Finding a Basis Subset in (a, b, c, d) for S in R4 | Homework Solution

[fireb]

Homework Statement

Let S be the form of (a, b,c ,d )in R4, given a not equal to 0. Find the basis that is subset of S.

Homework Equations

The Attempt at a Solution

I got a(1,0,0,0), b(0,1,0,0), c(0,0,1,0), d(0,0,0,1) as basis. a not = 0
But i wasn't sure what the significances of a not = to 0 means

Any help would be appreciated.
Thanks in advance.

 

[LCKurtz]

It means find four elements of R⁴ that are linearly independent and all of whose first components are non-zero. That would comprise such a basis.

 

[HallsofIvy]

However, the set of all (a, b, c, d) in R⁴ such that $a\ne 0$ is NOT a subspace and so does NOT have a basis. Are you sure you have read the problem correctly?

 

[LCKurtz]

I'm thinking the OP may have the problem stated correctly since he/she calls S a set.
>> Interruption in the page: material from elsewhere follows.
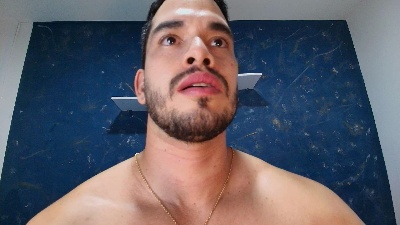 Tommy_John live from Colombia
They just seek a basis for R⁴ choosing only from that set.

 

[HallsofIvy]

Ah! You are right. I misread it. The problem is NOT to find a basis for S but to find a basis for R⁴ such that the first component of each basis vector is not 0.
I would be inclined to take the "standard" basis and change the first component of each to a simple non-zero number. Then check to see if they are still independent.